**WORK TO COMPLETE**
Nothing except the pictures should be left out when you reproduce the listing exactly.

**DATA BLOCK**
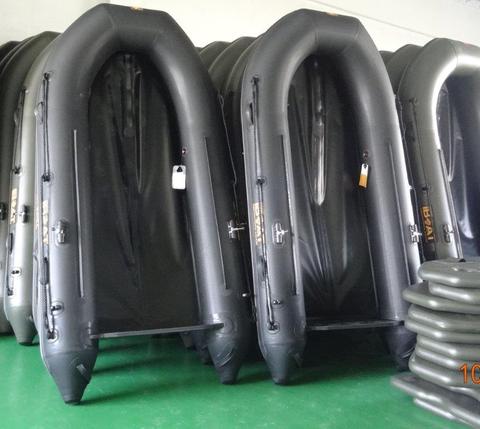 Iboat 320 Generazione 5 Superlight - Carbon Black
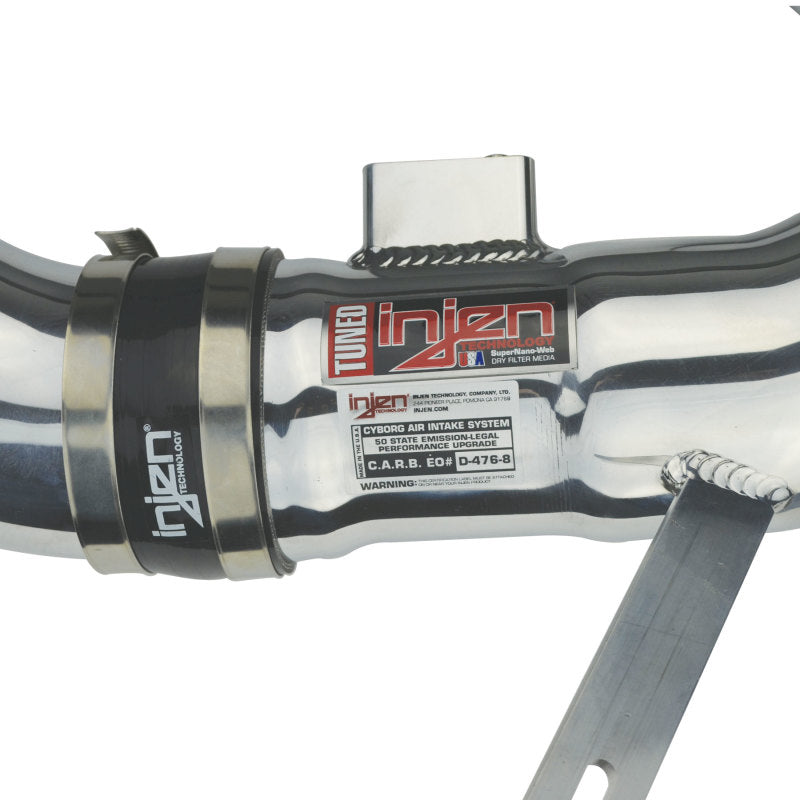 Injen 06-08 M45 4.5L V8 Polished Cold Air Intake Injen INJSP1996P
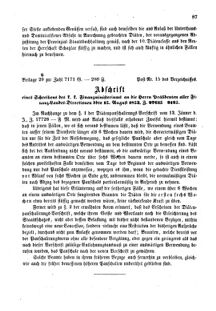 Verordnungsblatt für den Dienstbereich des K.K. Finanzministeriums für die im Reichsrate Vertretenen Königreiche und Länder 18560614 Seite: 29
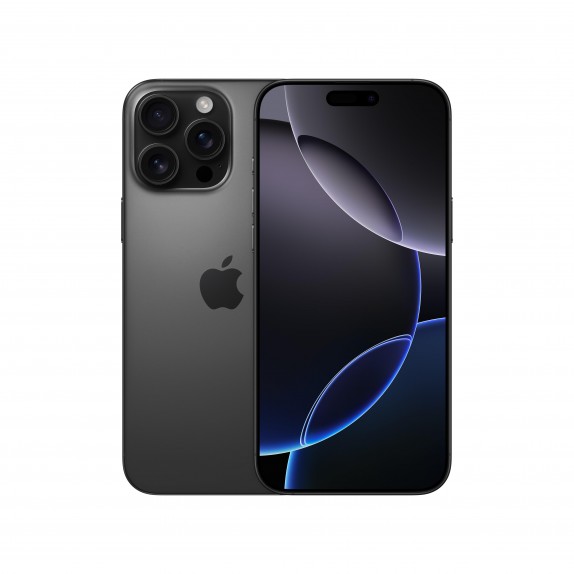 iPhone 16 Pro Max 256GB Siyah Titanyum iPhone 16 Pro Max 256GB Siyah Titanyum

**ANSWER**
 Iboat 320 Generazione 5 Superlight - Carbon Black
 Injen 06-08 M45 4.5L V8 Polished Cold Air Intake Injen INJSP1996P
 Verordnungsblatt für den Dienstbereich des K.K. Finanzministeriums für die im Reichsrate Vertretenen Königreiche und Länder 18560614 Seite: 29
 iPhone 16 Pro Max 256GB Siyah Titanyum iPhone 16 Pro Max 256GB Siyah Titanyum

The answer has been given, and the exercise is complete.